Each line below should be repeated exactly as it stands.

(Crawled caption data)
»»

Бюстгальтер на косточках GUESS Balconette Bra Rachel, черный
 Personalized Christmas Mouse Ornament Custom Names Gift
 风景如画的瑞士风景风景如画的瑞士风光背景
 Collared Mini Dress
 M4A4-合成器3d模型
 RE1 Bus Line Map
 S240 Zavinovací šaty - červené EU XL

««

• Written reply:
Бюстгальтер на косточках GUESS Balconette Bra Rachel, черный
 Personalized Christmas Mouse Ornament Custom Names Gift
 风景如画的瑞士风景风景如画的瑞士风光背景
 Collared Mini Dress
 M4A4-合成器3d模型
 RE1 Bus Line Map
 S240 Zavinovací šaty - červené EU XL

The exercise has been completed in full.